GPs should test for microalbuminuria to find patients at risk of cardiovascular and renal problems, experts say.
The call comes after data presented at the European meeting of Hypertension in Milan last week showed that too few UK GPs check microalbuminuria.
A survey of doctors in the UK, France, Italy, Germany and Spain examined their awareness and behaviour in relation to microalbuminuria. A total of 800 GPs took part, including 130 from the UK.
Overall, the researchers found that awareness of microalbuminuria among GPs was low compared with cardiologists and diabetologists.
UK GPs were the least likely to use microalbuminuria to check renal function. Just 77 per cent of UK GPs did so, compared with 92 per cent of Italian GPs and 96 per cent of Spanish GPs.

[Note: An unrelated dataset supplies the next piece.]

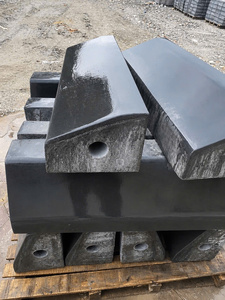 Moule à bordure en plastique PP BAVIGO pour la fabrication de bordures préfabriquées simples - Product Image 2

Lead researcher Professor Hermann Haller, of the department of nephrology and hypertension at Hannover Medical School, said microalbuminuria was undervalued as a risk factor and diagnostic tool for cardiovascular and renal health.
'There should be more analysis of microalbuminuria in general practice. There is a need for more education; most doctors do not realise that it is a very good tool for assessing stroke risk.'
Professor Luis Ruilope, head of the hypertension unit at Octubre Hospital, Madrid, said: 'In patients with microalbuminuria, cardiovascular risk is elevated and they have an increased risk of reaching end-stage renal disease.
'Microalbuminuria has to be considered a marker of organ damage. It is also extremely cost-effective.'
Professor Eberhard Ritz, from the University of Heidelberg in Germany, said early changes in albuminuria should be used to predict diabetes.
Up to 25 per cent of diabetics have high levels of microalbuminuria when they are diagnosed, he said.
Professor Giancarlo Viberti, from King's College, London, added that research was under way to explore whether treatment with olmesartan, an angiotensin antagonist, could prevent or slow down the occurrence of microalbuminuria in at-risk type-2 diabetics.